They had already finished when we rushed the room. But it didn’t matter. Everything was still in place and there was no question. John jumped up faster than we had seen a grown man move before. He knew why we were there. And so did she. There were a few blows exchanged and, true, they may not have been necessary. But we wanted her to know we meant business.
The dozen of us filled John’s tiny room but his wife still managed to weasel her way in. She had heard the commotion from down the street and had come running like Jehu to Jezreel. She went straight to yelling and hitting him with his shoe (with his own shoe!).
That’s when Simon, the old softy, grabbed our woman’s dress from the floor and shoved it at her. She pulled it over her head and wiped the bedstraw from her arms. No “come hither” left in those eyes. None of us had to touch her much after that.
We left the house in perfect formation, with our barefoot prize in the middle and poor John whimpering behind us. Gabe had said we should have our rocks ready. (“That way, the woman won’t bust free when we stop to pick some up along the way.”)
Good thing we took that advice. When we stepped onto Tyropo Way, we couldn’t have reached the ditches if we wanted. The whole street was packed with keeners, all scrambling for a spot on our bandwagon.
It was glorious, striding into the temple like that. Everything was finally coming together and we could feel it.
He saw us coming, of course. But we weren’t about to let him get away. Not this time. We marched straight up to him and presented our sobbing heap of evidence for everyone to see, plain as day. Philippus delivered the quote perfectly (Phil is a faithful scholar) and there was really no way around it: Either she was going to get it or he was.
Then there was his silly writing in the dirt business. Fool was probably just stalling. This was supposed to be an execution, not a Hebrew lesson. But there he was: The Big Man Himself hunched at her feet, fiddling in the dust. In hindsight, that was our chance to get them both.
That’s when he started on about who could throw the first stone. Since when was he in charge? (He is very arrogant.) And where exactly does it say we have to be “without sin” to do what God wants? Like he would know! But he hung it all on that, and just stood there beside her with that smug look of his.
It wasn’t like he had won. It was just a momentary setback. If Simon and Josh hadn’t caved like Samaritan booths, we could’ve rallied a proper answer. Hardly time for us to unroll a scroll, and those geezers just dropped their stones and sulked away.
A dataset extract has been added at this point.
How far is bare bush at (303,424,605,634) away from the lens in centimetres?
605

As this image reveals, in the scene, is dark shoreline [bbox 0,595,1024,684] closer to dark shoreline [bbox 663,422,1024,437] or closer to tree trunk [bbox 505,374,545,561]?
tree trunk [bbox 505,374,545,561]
They were supposed to be our leaders. They were supposed to be strong enough to do what’s right – to not get bogged down in fancy talk and technicalities. Everybody knows God hates sinners and everyone ’round here knows this guy is a sinner’s poster boy. Well, those fogies had their chance and they buckled. They buckled and he walked.
And that was that. We split up and haven’t seen each other since.
Now here’s my little secret: I didn’t drop my rocks that day. I kept them and have them right here, ready. I have plans for these rocks, and God help me if a whore-loving smooth-talker from the boonies is going to get in the way. I may not have the longest beard but I know the truth. Nobody is without sin, and somebody has to do the dirty work.
Problem is, people are fickle. A bit of hype and a couple tricks, and they’ll follow anyone. And no wonder – they sleep through synagogue and couldn’t tell a Maccabee from a bumblebee. They have no clue what the Coming Messiah will really be like.
My apologies if I’ve been too casual with this. I can prepare a more formal report later. (This one is off the record.)
You wanted to know what happened, and now you do.